HOW TO COMPLETE THIS TASK: Below are lines of data, and only some are wanted. Please repeat exactly those from the line that has "Noor_Darliing's Webcam Show" through the line that has "Snapshot of _alaia_collway_".

THE INPUT:
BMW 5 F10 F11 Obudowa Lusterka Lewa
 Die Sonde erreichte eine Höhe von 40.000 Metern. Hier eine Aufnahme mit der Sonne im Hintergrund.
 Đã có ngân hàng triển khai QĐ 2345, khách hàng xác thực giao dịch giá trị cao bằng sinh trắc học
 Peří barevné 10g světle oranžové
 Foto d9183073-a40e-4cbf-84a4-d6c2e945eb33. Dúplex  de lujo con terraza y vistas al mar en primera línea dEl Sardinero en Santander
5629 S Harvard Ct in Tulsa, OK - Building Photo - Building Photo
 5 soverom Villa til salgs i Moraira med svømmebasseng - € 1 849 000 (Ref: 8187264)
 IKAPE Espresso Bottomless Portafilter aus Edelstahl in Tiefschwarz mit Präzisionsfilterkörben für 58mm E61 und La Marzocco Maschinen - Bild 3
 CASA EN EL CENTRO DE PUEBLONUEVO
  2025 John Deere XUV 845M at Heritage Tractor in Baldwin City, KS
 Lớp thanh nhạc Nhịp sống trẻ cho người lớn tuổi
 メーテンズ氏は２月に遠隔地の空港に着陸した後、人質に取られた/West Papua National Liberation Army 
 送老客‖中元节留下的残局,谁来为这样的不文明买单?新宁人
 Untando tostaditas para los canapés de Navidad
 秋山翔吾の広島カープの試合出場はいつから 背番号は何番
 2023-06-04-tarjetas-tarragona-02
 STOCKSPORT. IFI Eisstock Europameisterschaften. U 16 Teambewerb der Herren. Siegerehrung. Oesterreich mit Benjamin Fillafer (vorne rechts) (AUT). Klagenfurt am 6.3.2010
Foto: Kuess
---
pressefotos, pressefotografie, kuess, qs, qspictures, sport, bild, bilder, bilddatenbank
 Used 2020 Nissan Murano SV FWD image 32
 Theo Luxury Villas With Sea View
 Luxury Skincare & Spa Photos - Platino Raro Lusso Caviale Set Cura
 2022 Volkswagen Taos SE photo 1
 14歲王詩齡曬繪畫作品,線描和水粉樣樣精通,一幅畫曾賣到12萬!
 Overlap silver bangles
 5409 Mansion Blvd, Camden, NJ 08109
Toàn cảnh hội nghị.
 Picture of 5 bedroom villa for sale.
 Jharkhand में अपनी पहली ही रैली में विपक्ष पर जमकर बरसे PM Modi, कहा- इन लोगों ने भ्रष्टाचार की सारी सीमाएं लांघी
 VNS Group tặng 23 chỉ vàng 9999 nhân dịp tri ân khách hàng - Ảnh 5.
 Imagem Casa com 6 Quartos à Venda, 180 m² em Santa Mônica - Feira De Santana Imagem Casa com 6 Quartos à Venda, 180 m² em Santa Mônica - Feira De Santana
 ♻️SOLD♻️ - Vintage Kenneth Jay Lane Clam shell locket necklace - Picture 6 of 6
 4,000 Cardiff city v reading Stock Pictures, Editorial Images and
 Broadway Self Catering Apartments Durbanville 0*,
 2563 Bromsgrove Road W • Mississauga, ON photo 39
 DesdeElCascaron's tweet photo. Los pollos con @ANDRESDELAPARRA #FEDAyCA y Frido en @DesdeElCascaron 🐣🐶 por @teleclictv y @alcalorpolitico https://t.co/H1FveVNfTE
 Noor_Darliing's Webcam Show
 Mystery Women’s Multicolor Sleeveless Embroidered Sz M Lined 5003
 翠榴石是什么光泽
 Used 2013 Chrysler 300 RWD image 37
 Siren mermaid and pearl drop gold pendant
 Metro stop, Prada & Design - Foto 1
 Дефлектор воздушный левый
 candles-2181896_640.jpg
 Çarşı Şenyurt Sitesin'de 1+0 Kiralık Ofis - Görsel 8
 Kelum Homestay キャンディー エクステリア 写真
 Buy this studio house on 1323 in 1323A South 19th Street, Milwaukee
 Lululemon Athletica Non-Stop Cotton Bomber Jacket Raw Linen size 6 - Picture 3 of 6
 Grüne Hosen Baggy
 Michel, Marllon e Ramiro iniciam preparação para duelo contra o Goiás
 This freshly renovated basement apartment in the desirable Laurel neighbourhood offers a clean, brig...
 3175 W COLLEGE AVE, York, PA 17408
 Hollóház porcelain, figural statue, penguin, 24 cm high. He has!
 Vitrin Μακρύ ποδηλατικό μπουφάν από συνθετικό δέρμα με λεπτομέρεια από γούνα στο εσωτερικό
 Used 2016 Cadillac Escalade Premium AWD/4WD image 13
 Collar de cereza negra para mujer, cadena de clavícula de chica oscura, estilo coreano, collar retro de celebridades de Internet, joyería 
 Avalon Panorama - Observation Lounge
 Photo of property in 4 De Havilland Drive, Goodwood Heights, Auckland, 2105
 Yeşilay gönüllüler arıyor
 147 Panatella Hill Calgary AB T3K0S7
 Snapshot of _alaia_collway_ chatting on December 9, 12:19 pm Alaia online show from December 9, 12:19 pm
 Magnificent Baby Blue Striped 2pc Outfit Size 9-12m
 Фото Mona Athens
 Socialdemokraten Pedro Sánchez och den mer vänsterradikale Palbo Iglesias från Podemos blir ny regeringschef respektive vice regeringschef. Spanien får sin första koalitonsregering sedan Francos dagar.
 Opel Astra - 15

OUTPUT BELOW:
 Noor_Darliing's Webcam Show
 Mystery Women’s Multicolor Sleeveless Embroidered Sz M Lined 5003
 翠榴石是什么光泽
 Used 2013 Chrysler 300 RWD image 37
 Siren mermaid and pearl drop gold pendant
 Metro stop, Prada & Design - Foto 1
 Дефлектор воздушный левый
 candles-2181896_640.jpg
 Çarşı Şenyurt Sitesin'de 1+0 Kiralık Ofis - Görsel 8
 Kelum Homestay キャンディー エクステリア 写真
 Buy this studio house on 1323 in 1323A South 19th Street, Milwaukee
 Lululemon Athletica Non-Stop Cotton Bomber Jacket Raw Linen size 6 - Picture 3 of 6
 Grüne Hosen Baggy
 Michel, Marllon e Ramiro iniciam preparação para duelo contra o Goiás
 This freshly renovated basement apartment in the desirable Laurel neighbourhood offers a clean, brig...
 3175 W COLLEGE AVE, York, PA 17408
 Hollóház porcelain, figural statue, penguin, 24 cm high. He has!
 Vitrin Μακρύ ποδηλατικό μπουφάν από συνθετικό δέρμα με λεπτομέρεια από γούνα στο εσωτερικό
 Used 2016 Cadillac Escalade Premium AWD/4WD image 13
 Collar de cereza negra para mujer, cadena de clavícula de chica oscura, estilo coreano, collar retro de celebridades de Internet, joyería 
 Avalon Panorama - Observation Lounge
 Photo of property in 4 De Havilland Drive, Goodwood Heights, Auckland, 2105
 Yeşilay gönüllüler arıyor
 147 Panatella Hill Calgary AB T3K0S7
 Snapshot of _alaia_collway_ chatting on December 9, 12:19 pm Alaia online show from December 9, 12:19 pm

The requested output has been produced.